Specifically, the facility failed to make survey results accessible.
Findings include:
I. Facililty policy
The Availability of Survey Results policy, revised November 2023, was provided by the regional resource nurse (RRN) on 11/8/23 at 11:18 a.m. It read in pertinent part: Place readily accessible is a place where individuals wishing to examine survey results do not have to ask to see them.
II. Resident group interview
The group interview was conducted on 11/2/23 at 12:57 p.m. with three residents (#1, #16 and #31) identified by assessment and the facility as interviewable. All three residents said they did know the location of the results from previous annual and complaint survey findings.
III. Observations and staff interviews
On 11/2/23 at 1:15 p.m., an observation was conducted throughout the facility. The survey findings book was not visible or easily accessible.
The director of nursing (DON) was interviewed on 11/2/23 at 1:43 p.m. She was not sure where the survey findings book was located. She went with a surveyor to the front lobby and asked the receptionist if she knew where the survey findings book was located.

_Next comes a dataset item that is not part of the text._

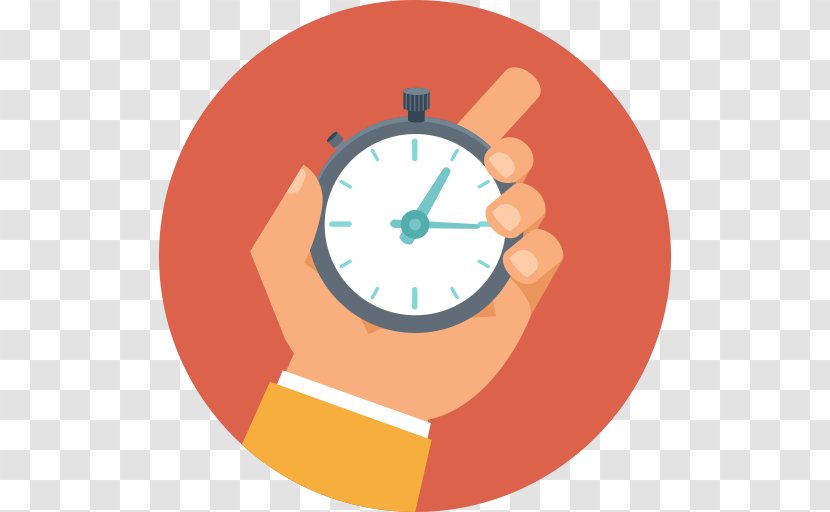 Stopwatch Timer Clock Chronometer Watch - Alarm Clocks Transparent PNG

The receptionist located the survey findings book. It was in a magazine holder behind the receptionist. The desk was over five feet and someone in a wheelchair would not be able to access the survey findings book without asking for assistance. At that time, it was observed there was a sign on the wall next to the receptionist L shaped desk that said the survey findings book was available on the receptionist's desk. The sign was blocked by a stand alone hand sanitizer dispenser.
On 11/8/23 at 12:00 p.m., the survey findings book was in the same location. The RRN was notified.
By 11/8/23 at 1:30 p.m., the survey findings book was moved to a location that was readily accessible which was next to the receptionist desk.